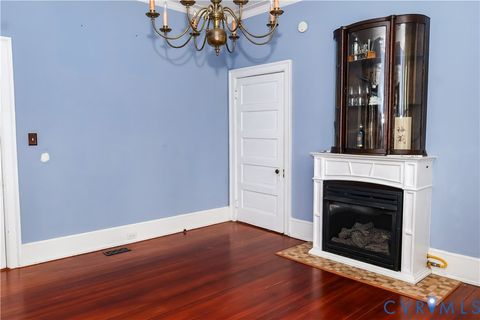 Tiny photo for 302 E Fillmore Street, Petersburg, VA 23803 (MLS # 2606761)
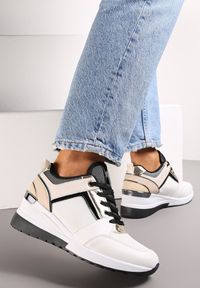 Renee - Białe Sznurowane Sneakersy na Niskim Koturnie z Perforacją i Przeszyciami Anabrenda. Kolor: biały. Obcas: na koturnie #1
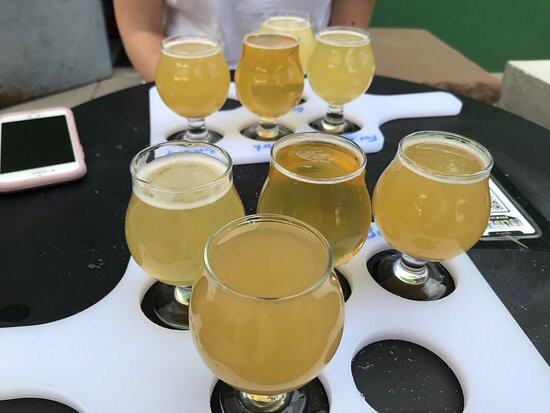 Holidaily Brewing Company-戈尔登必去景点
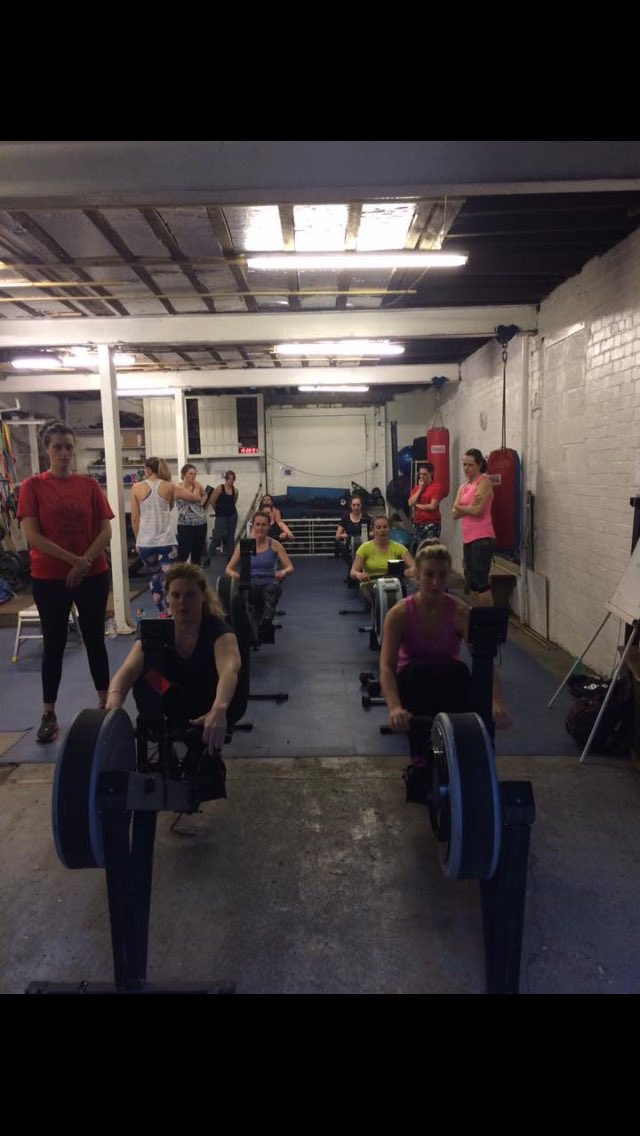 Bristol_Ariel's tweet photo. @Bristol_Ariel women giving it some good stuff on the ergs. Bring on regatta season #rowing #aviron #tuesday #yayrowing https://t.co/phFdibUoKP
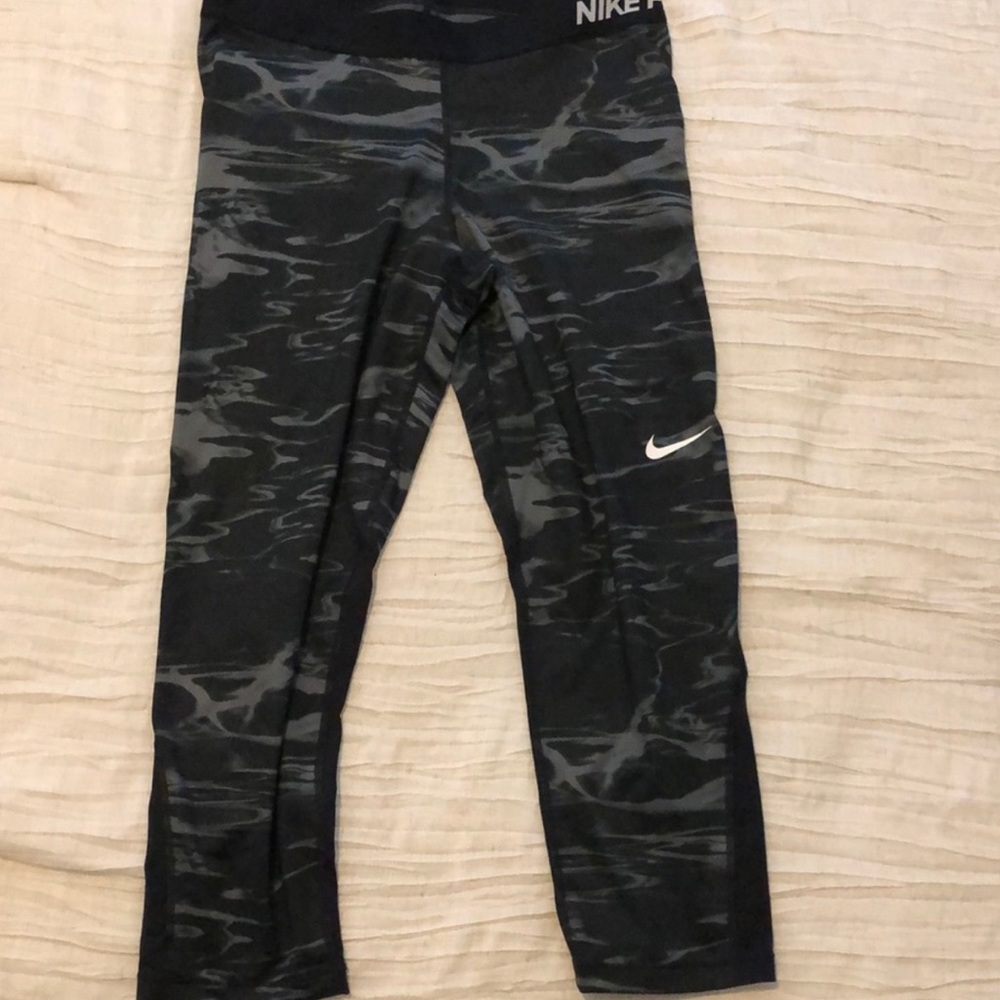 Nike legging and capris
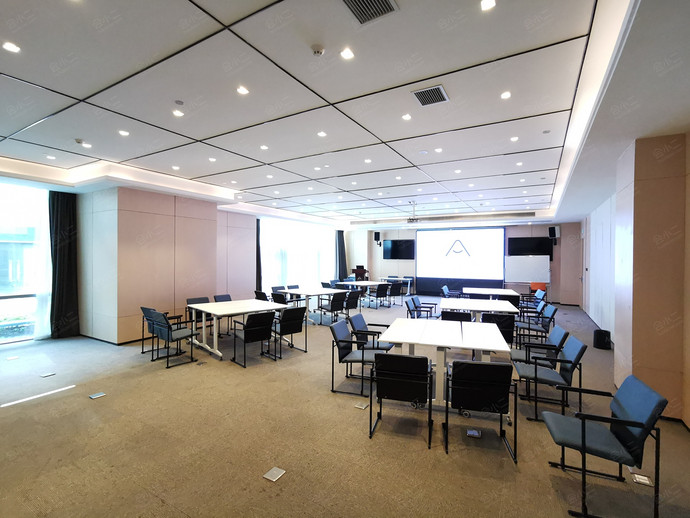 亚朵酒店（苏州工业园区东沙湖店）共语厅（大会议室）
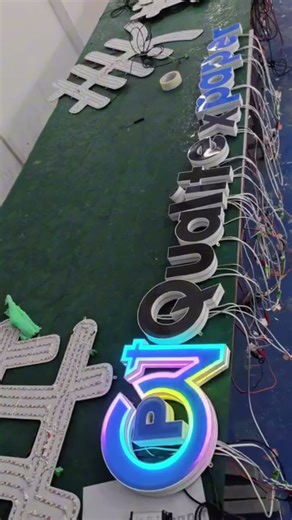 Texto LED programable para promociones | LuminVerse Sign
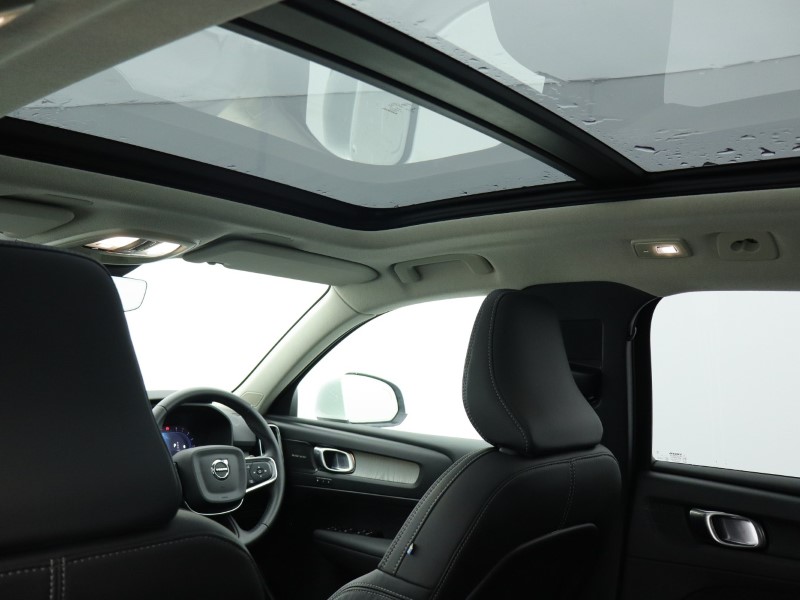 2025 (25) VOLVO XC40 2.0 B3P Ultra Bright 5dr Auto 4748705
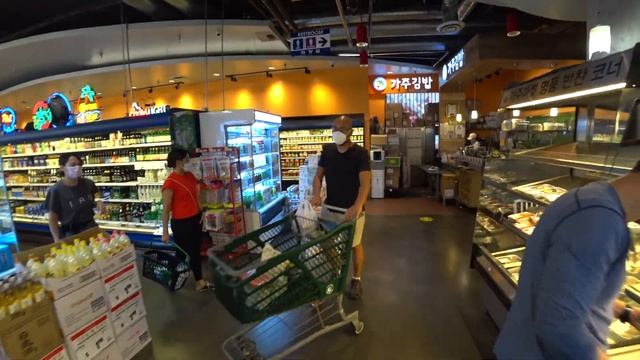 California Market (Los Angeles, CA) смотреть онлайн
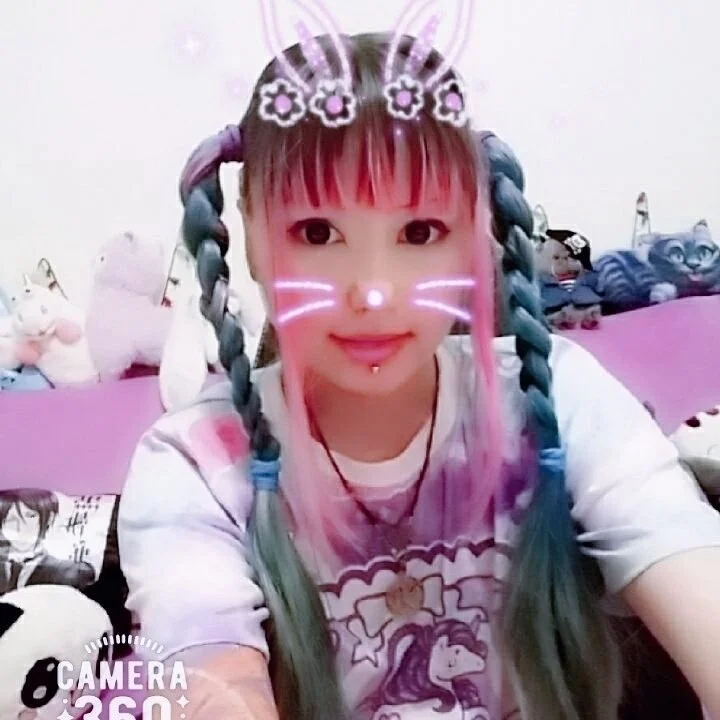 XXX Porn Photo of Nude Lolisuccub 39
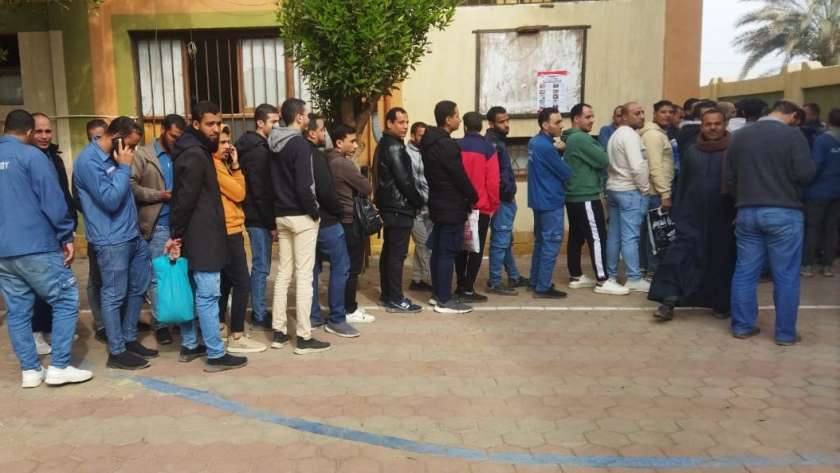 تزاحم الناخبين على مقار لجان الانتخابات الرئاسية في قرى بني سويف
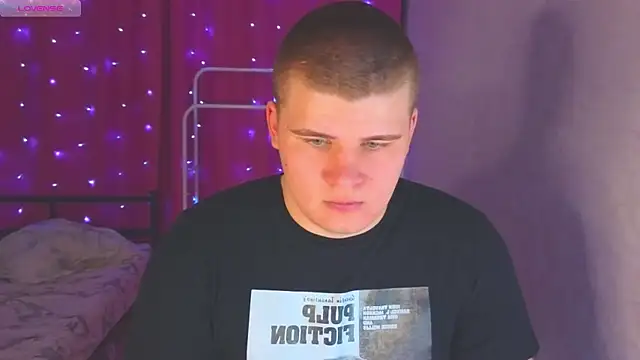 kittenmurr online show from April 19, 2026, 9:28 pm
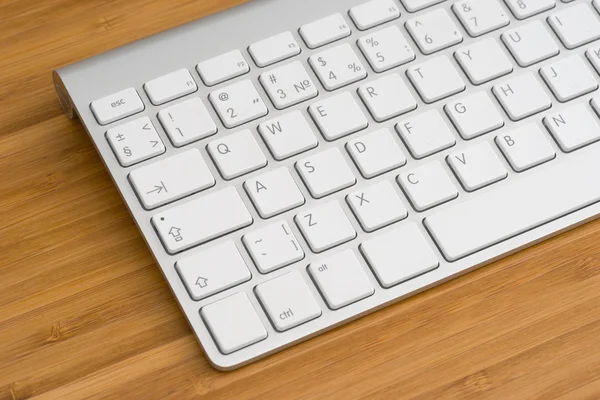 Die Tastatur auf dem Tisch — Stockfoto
★ ★ ★ ★ ★
The expected result is the complete listing above, printed exactly, with no pictures.

• Exercise result:
 Tiny photo for 302 E Fillmore Street, Petersburg, VA 23803 (MLS # 2606761)
 Renee - Białe Sznurowane Sneakersy na Niskim Koturnie z Perforacją i Przeszyciami Anabrenda. Kolor: biały. Obcas: na koturnie #1
 Holidaily Brewing Company-戈尔登必去景点
 Bristol_Ariel's tweet photo. @Bristol_Ariel women giving it some good stuff on the ergs. Bring on regatta season #rowing #aviron #tuesday #yayrowing https://t.co/phFdibUoKP
 Nike legging and capris
 亚朵酒店（苏州工业园区东沙湖店）共语厅（大会议室）
 Texto LED programable para promociones | LuminVerse Sign
 2025 (25) VOLVO XC40 2.0 B3P Ultra Bright 5dr Auto 4748705
 California Market (Los Angeles, CA) смотреть онлайн
 XXX Porn Photo of Nude Lolisuccub 39
 تزاحم الناخبين على مقار لجان الانتخابات الرئاسية في قرى بني سويف
 kittenmurr online show from April 19, 2026, 9:28 pm
 Die Tastatur auf dem Tisch — Stockfoto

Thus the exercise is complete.